Data shown =
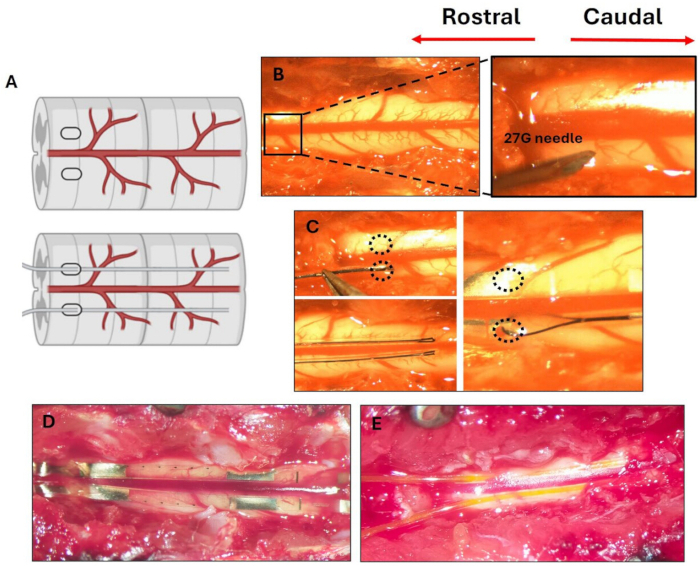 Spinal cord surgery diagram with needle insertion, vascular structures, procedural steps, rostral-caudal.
...
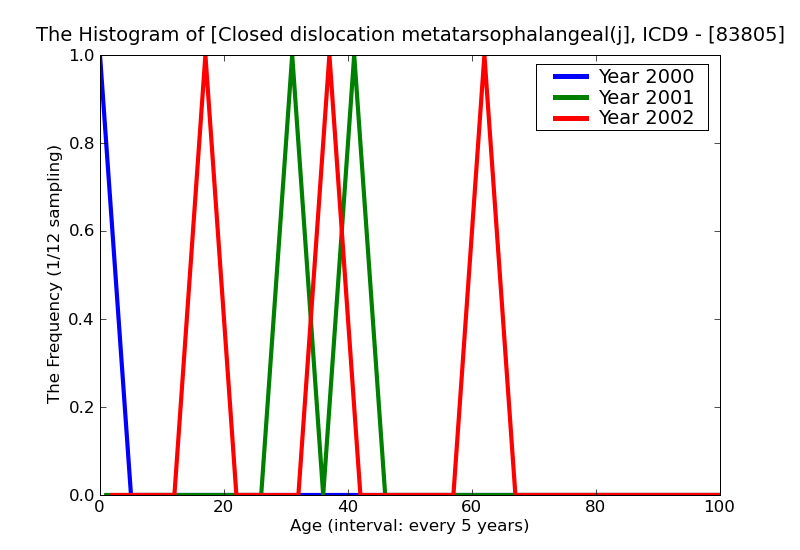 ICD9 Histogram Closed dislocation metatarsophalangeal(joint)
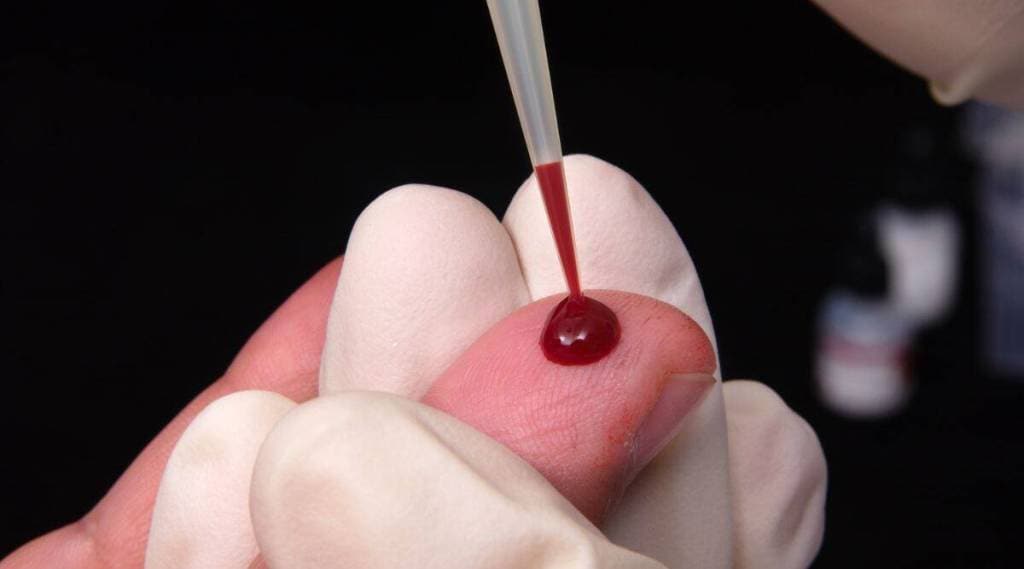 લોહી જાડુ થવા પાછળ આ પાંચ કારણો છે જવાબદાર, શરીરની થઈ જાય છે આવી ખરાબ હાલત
---
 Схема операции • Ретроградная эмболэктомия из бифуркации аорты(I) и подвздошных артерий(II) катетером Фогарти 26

Exercise prompt = From the material above, reproduce only what runs from the line holding "ICD9 Histogram Closed" down to the line holding "લોહી જાડુ થવા", both included, pictures excluded.

Output of the task =
 ICD9 Histogram Closed dislocation metatarsophalangeal(joint)
 લોહી જાડુ થવા પાછળ આ પાંચ કારણો છે જવાબદાર, શરીરની થઈ જાય છે આવી ખરાબ હાલત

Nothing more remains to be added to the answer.